The File To HTML pipeline transforms files to HTML. It supports the following text extraction backends.

Apache Tika

Apache Tika detects and extracts metadata and text from over a thousand different file types. See this link for a list of supported document formats.

Apache Tika requires Java to be installed. An alternative to that is starting a separate Apache Tika service via this Docker Image and setting these environment variables.

Docling

Docling parses documents and exports them to the desired format with ease and speed.

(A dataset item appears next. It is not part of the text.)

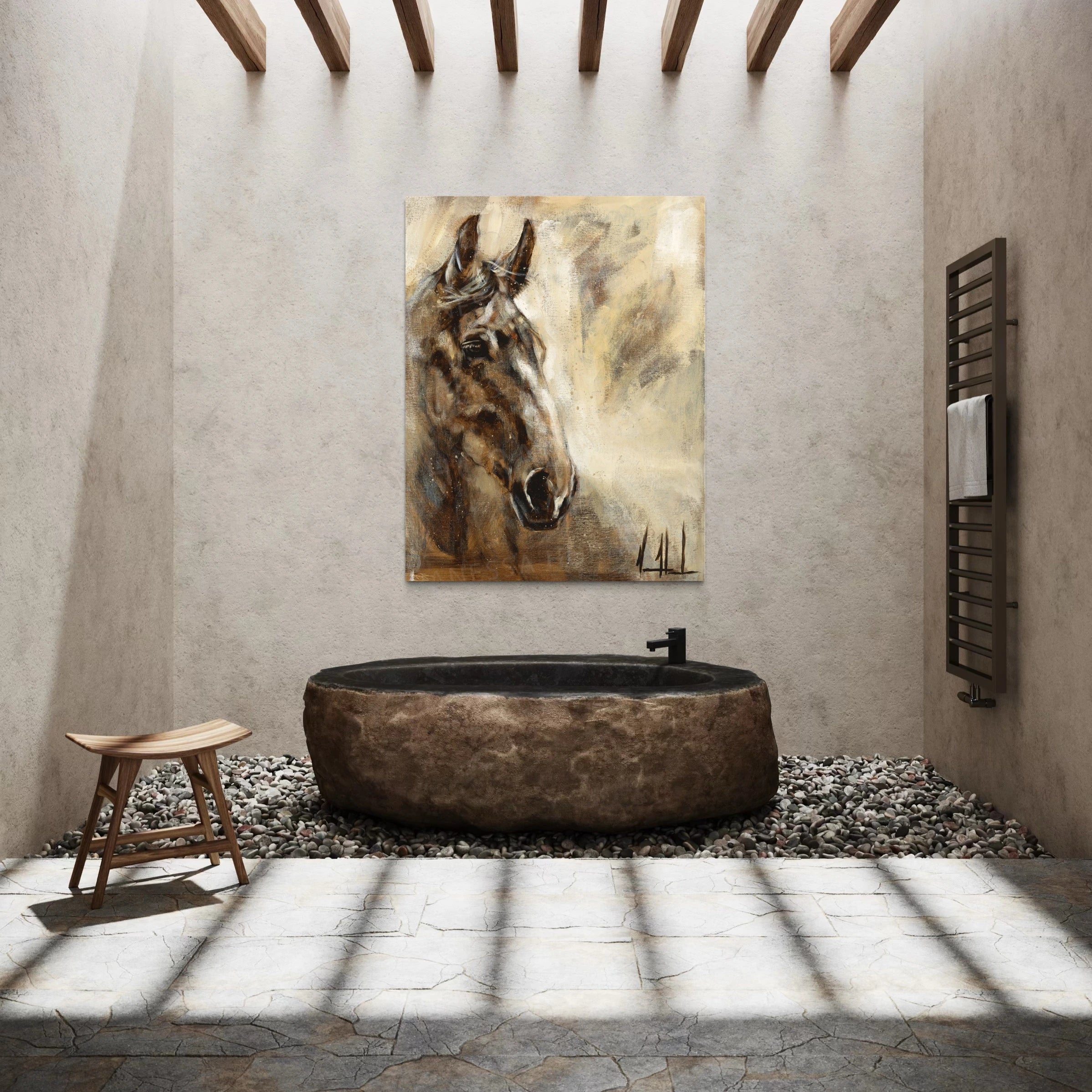 The Voice of Truth Horse Art Print Vanessa Horabuena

This is a library that has rapidly gained popularity starting in late 2024. Docling excels in parsing formatting elements from PDFs (tables, sections etc).

See this link for a list of supported document formats.

Example

The following shows a simple example using this pipeline.

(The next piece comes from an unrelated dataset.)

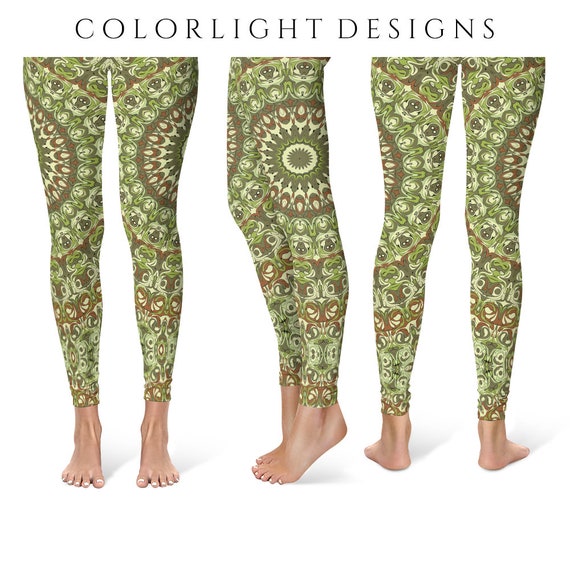 Puppy On Meadow Womens Printed Yoga Pants High Waisted Workout Leggings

from txtai.pipeline import FileToHTML

# Create and run pipeline
html = FileToHTML()
html("/path/to/file")

Configuration-driven example

Pipelines are run with Python or configuration. Pipelines can be instantiated in configuration using the lower case name of the pipeline. Configuration-driven pipelines are run with workflows or the API.

config.yml

# Create pipeline using lower case class name
filetohtml:

# Run pipeline with workflow
workflow:
  html:
    tasks:
      - action: filetohtml

Run with Workflows

from txtai import Application

# Create and run pipeline with workflow
app = Application("config.yml")
list(app.workflow("html", ["/path/to/file"]))

Run with API

CONFIG=config.yml uvicorn "txtai.api:app" &

curl \
  -X POST "http://localhost:8000/workflow" \
  -H "Content-Type: application/json" \
  -d '{"name":"html", "elements":["/path/to/file"]}'

Methods

Python documentation for the pipeline.

`init(backend='available')`

Creates a new File to HTML pipeline.

Parameters:

Name	Type	Description	Default
`backend`		backend to use to extract content, supports "tika", "docling" or "available" (default) which finds the first available	`'available'`

Source code in txtai/pipeline/data/filetohtml.py

def __init__(self, backend="available"):
    """
    Creates a new File to HTML pipeline.

    Args:
        backend: backend to use to extract content, supports "tika", "docling" or "available" (default) which finds the first available
    """

    # Lowercase backend parameter
    backend = backend.lower() if backend else None

    # Check for available backend
    if backend == "available":
        backend = "tika" if Tika.available() else "docling" if Docling.available() else None

    # Create backend instance
    self.backend = Tika() if backend == "tika" else Docling() if backend == "docling" else None

`call(path)`

Converts file at path to HTML. Returns None if no backend is available.